The nearest star to the Earth is the Sun, which is at a distance of 92,955,900 miles from the Earth. The distance of the Sun from the Earth is termed as 1 Astronomical Unit. Light from the Sun takes nearly 8 minutes to reach the Earth.

The nearest star to the Earth (other than the Sun) is Proxima Centauri, which was discovered in the year 1915. It is at a distance of nearly 4.2 light years from Earth. One light year is equal to the distance light travels in one year.

The largest star is Betelgeuse (Alpha Orionis).

The brightest star visible from the surface of the Earth is Sirius A (Alpha Canis Majoris), also known as the Dog Star. It has an apparent brightness magnitude of −1.46. It is nearly 8.65 light years away from the Earth and has a luminosity 26 times greater than that of the Sun. It is visible in the winter months of the northern hemisphere.
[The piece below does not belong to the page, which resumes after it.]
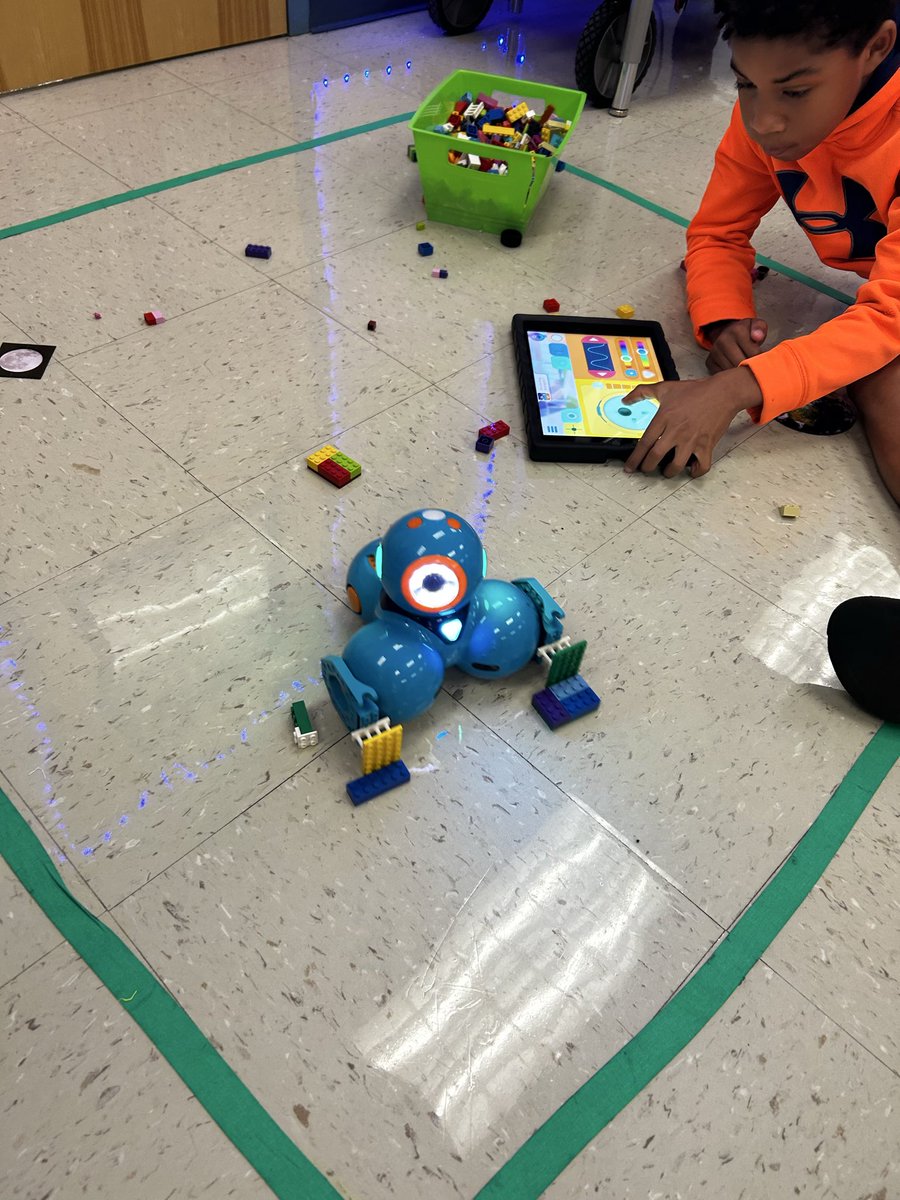 Rose_STEMS's tweet photo. Owls @NISDOHT are in training to be disaster relief roboticists @TAMUEngineering. We learned what kind of robots are used and then they designed a robot to help clear debris paths. a dog was saved in our exercise  🧐@NISDSTEMLabs https://t.co/X0FMMypcIb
Some Important Natural Satellites (Moons)

The largest natural satellite of our solar system is Ganymede, one of Jupiter's 16 moons, with a diameter of 3270 miles (5262 km). Ganymede is also the heaviest natural satellite of our solar system with a mass nearly double that of our Moon.

The second largest natural satellite of our solar system is Titan, one of Saturn's moons, with an equatorial diameter of 3200 miles (5150 km).

The natural satellite that is closest to the parent planet is Phobos. It is one of the 2 satellites of Mars (the other is Deimos). It is at a distance of nearly 5800 miles from the center of Mars.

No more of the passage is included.